24.11.19

Largo domingo de noviembre


Llevo caminando todo el día. En parte de modo consciente, en parte de modo inconsciente. Sólo me he detenido en un par de momentos para recobrar fuerzas. Cuando sales del centro de la ciudad empiezas a encontrarte la realidad del 90%, como señoras con mala cara fregando los escalones del portal o parejas adolescentes vistiendo de chándal que se cogen de la mano y se ponen ojitos mientras mastican chicle. También está la típica familia que no pertenece al barrio, sólo venimos a visitar a la familia, y que se esmera en reflejar su foraneidad con cashmere y perfumes penetrantes mientras los hijos se pelean y muerden en la acera bajo la atenta negligencia de los padres.

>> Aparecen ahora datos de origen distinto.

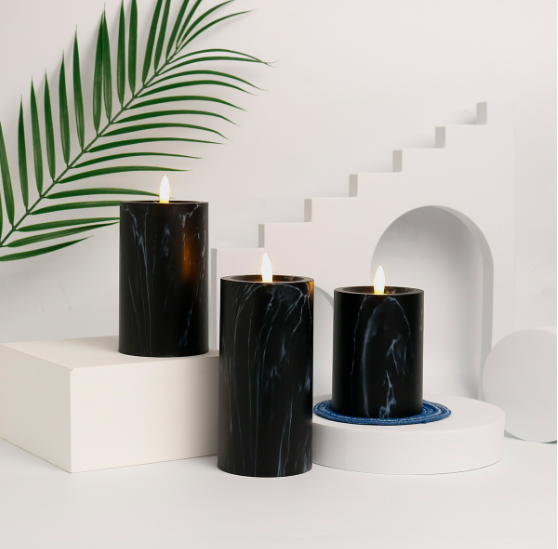 Candlylight™ | Set of 3 Elegant LED Marble Candle Lights for Ambiance Lighting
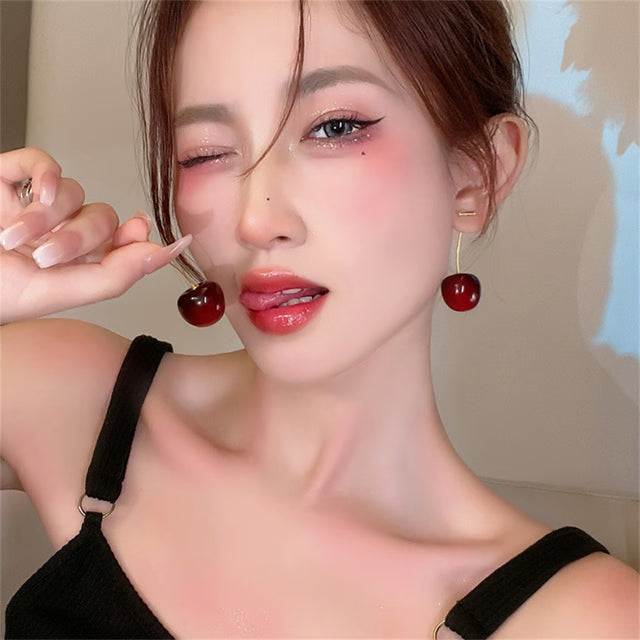 Cute Cherry Fruit Acrylic Earrings, Fashion able Resin Cherry Earrings for Women, Trendy Jewellery Accessories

La verdad es que llevo tanto tiempo sin pasear la ciudad que se supone que habito, que se me había olvidado que aún la gente dominguea. Que desenfundan los tacones de Carolina Herrera, las camisas de marca planchadas con jerseys encima de tonos oscuros y, ahora que el otoño ofrece con descaro temperaturas bajas, se animan a acercarse a la carpa de Navidad. La perenne carpa de Navidad de finales de noviembre. La verdad es que hay cierta magia en esos puestos que huelen a gofre, incienso, palomitas y sudor infantil, así todo junto. Las tiendas habituales están cerradas, pero los puestecillos navideños ofrecen algo que ver. Yo, en un alarde de normalidad, camino entre las personas que ven los puestos y me detengo para comprobar que, otro año más, ofrecen lo mismo. Hay un puesto que vende relojes de bolsillo, uno de esos objetos que me encantaría poseer pero que racionalmente sé que nunca jamás utilizaría, y entonces un chaval me aborda porque me confunde con su hermana, que está justo a mi lado. El chico, de unos quince años, tiene una pulserita de España que acaba de comprar y le dice a la hermana que le ayude a ponérsela. A mí me entra una pena profunda al ver que la gente joven cada vez es más rancia y me acuerdo de las palabras que un ex-sindicalista me dijo esta misma mañana sobre que él invita a la gente joven a no desanimarse porque nosotros siempre estuvimos en minoría. No sé qué tiene la minoría que últimamente me toca mucho la moral. Será que estoy cansada, será que se aproxima la Navidad o que hace frío y me harta bastante el delicado equilibrio entre la disputa y la monotonía en la que suelo estar inmersa. Me viene a la mente un pequeño párrafo que leí en un artículo que decía “Las libertades, si no son compartidas, no son libertades, son privilegios que nos subyugan”, y que esa simple frase, que tenía un contexto muy concreto, me ha dado mucho que pensar esta semana en un sentido amplio.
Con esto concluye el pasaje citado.